TASK DATA:

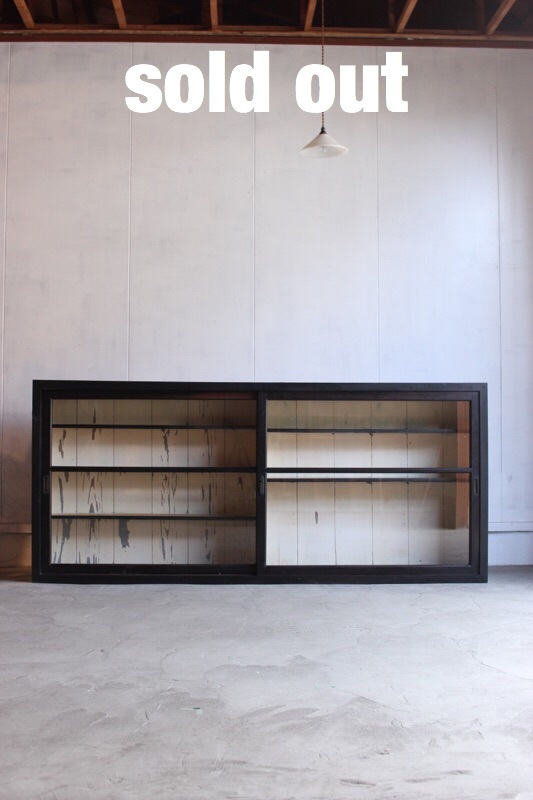 横長ガラス引戸棚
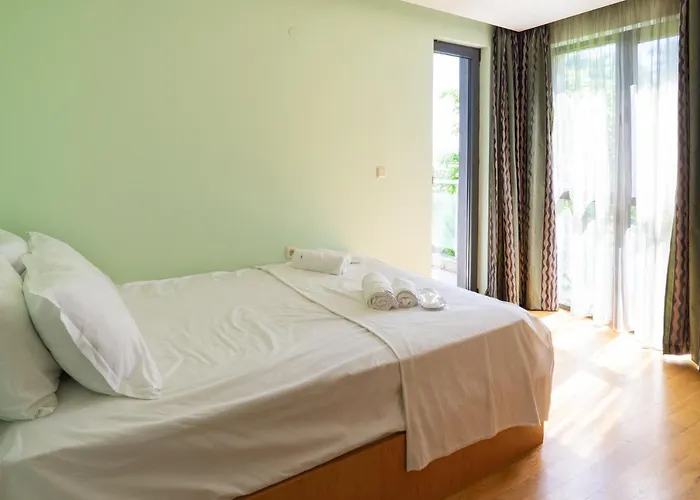 Flat With Monster Living Βάρνα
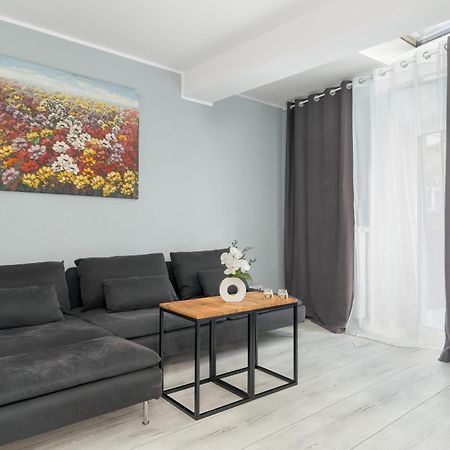 Stylowe I Eleganckie Studia Very Berry W Poznaniu By Noclegi Renters Экстерьер фото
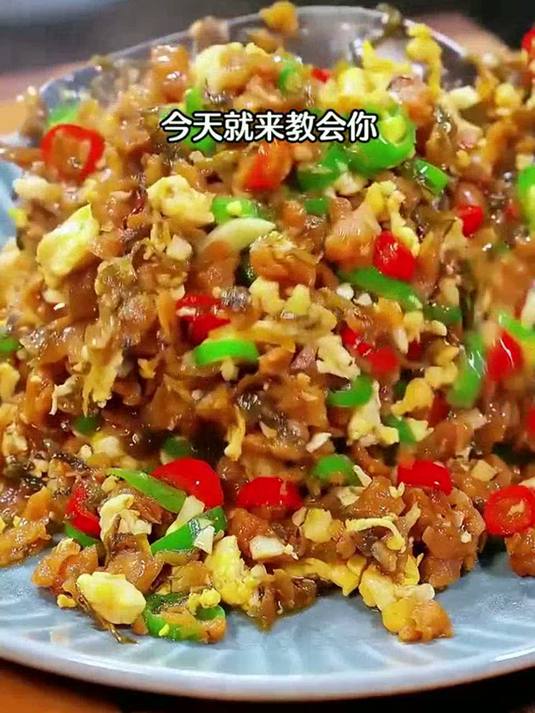 这样做的外婆菜炒鸡蛋，不管拌饭拌面都特别的好吃外婆菜炒鸡蛋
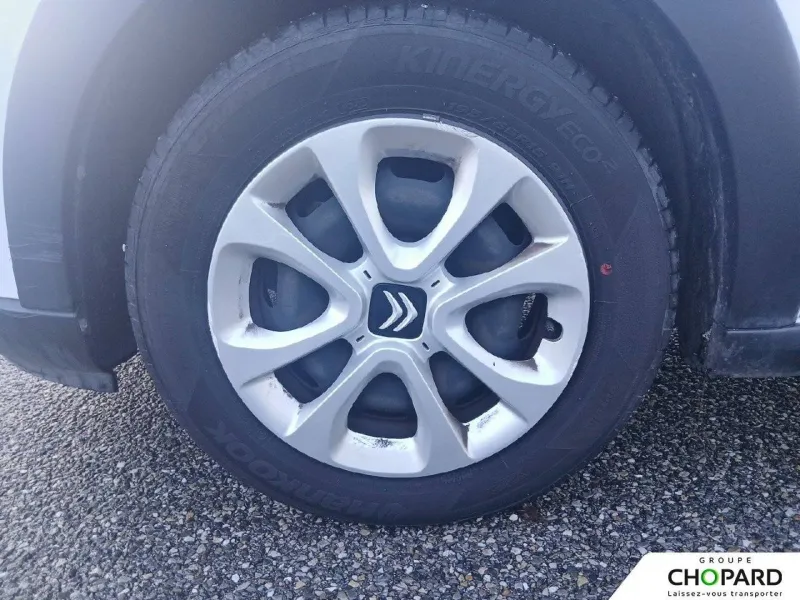 Image secondaire du véhicule 22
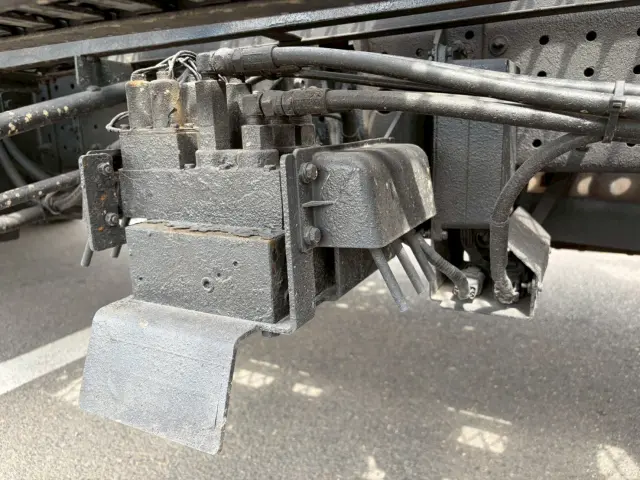 三菱 キャンター TPG-FEB80(2WD)の写真18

TASK BRIEF:
Please output every entry above exactly, without the pictures.

TASK ANSWER:
 横長ガラス引戸棚
 Flat With Monster Living Βάρνα
 Stylowe I Eleganckie Studia Very Berry W Poznaniu By Noclegi Renters Экстерьер фото
 这样做的外婆菜炒鸡蛋，不管拌饭拌面都特别的好吃外婆菜炒鸡蛋
 Image secondaire du véhicule 22
 三菱 キャンター TPG-FEB80(2WD)の写真18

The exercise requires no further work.